Crime fiction can often resort to posturing or cliche, but this year several titles have stood out for their willingness to play with genre conventions.

Even a veteran like James Ellroy seems to be taking chances with the epic, stylish, accessible Perfidia (William Heineman, £20). A Japanese family is murdered hours before Pearl Harbour is bombed, and the subsequent tortured investigation is infused with a kind of insane genius.

No one expected anything new from long-deceased hardboiled author Dashiell Hammett in 2014, but the unseen and uncollected works in The Hunter And Other Stories (No Exit Press, £9.99) confirm him as one of the 20th century's most authentic voices. Even the incomplete excerpts feel more whole than many other writers' final drafts.

Perhaps more than its noir cousin, the traditional mystery needs to take chances in order to stand out from those who came before. Marco Malvair takes the subgenre to its absurd extremes in The Art Of Killing Well (Maclehose Press, £12.99), with a devilishly clever plot and an eccentric cast who are an absolute joy to spend time with. The amateur detective is Italy's first "celebrity" chef, and the talk of food is enough to make even the fullest of stomachs rumble.

Jean Tuelé's portrait of France's most infamous multiple murderer, The Poisoning Angel (Gallic Books, £8.99), will appeal to those with the darkest sense of humour. Hélène Jégado's quest to fulfil her self-perceived role as Death's helper is so bizarre it could only be influenced by reality.

The French contingent score again with Dominique Manotti's Escape (Arcadia, £10), a surprisingly affecting story inspired by Italy's "years of lead", focussing on political exiles in France. Deeply personal, it ultimately becomes the story of one man's well-intentioned lie and the unseen cost of telling it.

Immigration is also a theme in Eva Dolan's debut, The Long Way Home (Harvill Secker, £6.99), which introduces detectives Ferreira and Zigic. What could be a standard police procedural stands out for its excellent character work and the timely way it deals with hot-button political topics dominating the headlines.

Pushing hard at the boundaries of genre, daring us to classify it neatly, Lavie Tidhar's A Man Lies Dreaming (Hodder and Stoughton, £18.99) reimagines Adolf Hitler as a deposed dictator forced to work as a private investigator on the mean streets of 1930s London. But as the book progresses we realise that the man called Wolf only exists in the mind of a Jewish writer imprisoned in Auschwitz. It's bold, often brilliant, and avoids the pitfalls one might expect before crossing into the territory of speculative writers such as Philp K Dick.

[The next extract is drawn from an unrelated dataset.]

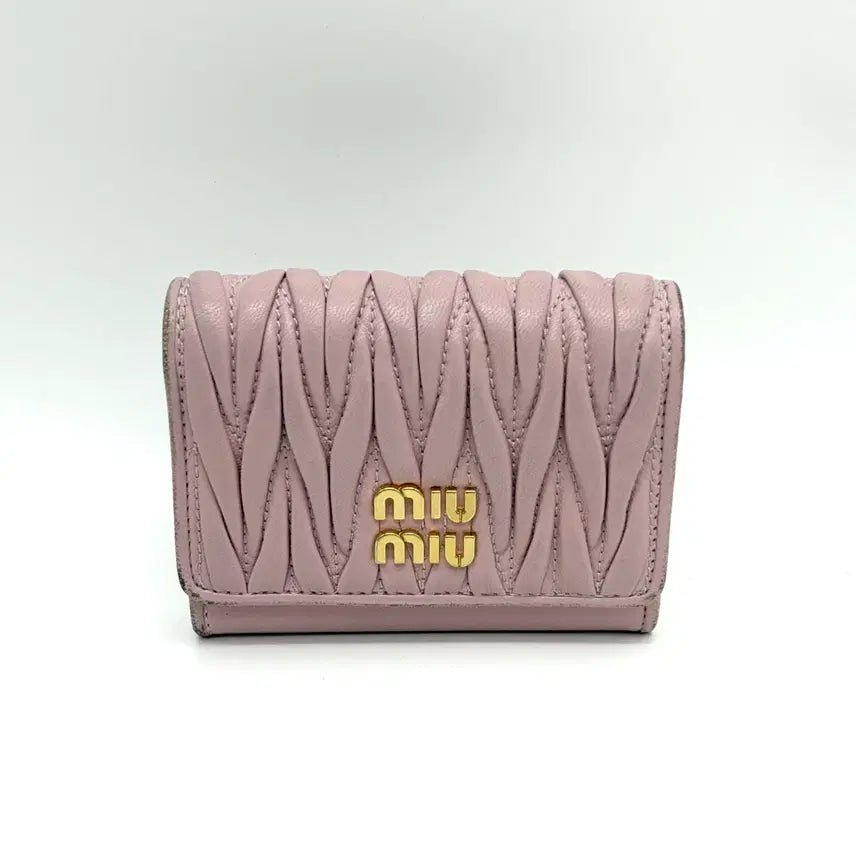 [BUNJANG] Miu Miu Matelassé Nappa Leather Card Holder (5MC104) / 미우미우 마테라쎄 나파 레더 카드지갑 (5MC104)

Finally, screenwriter Dwayne Alexander Smith's Forty Acres (Faber and Faber, £16.99), begins more conservatively; a page-turning legal thriller, with a hotshot black lawyer recruited into a shadowy cabal. But it soon becomes one of the most unsettling mainstream crime novels of the year, shocking us with a twist that is at once marvellously melodramatic and still pointedly political.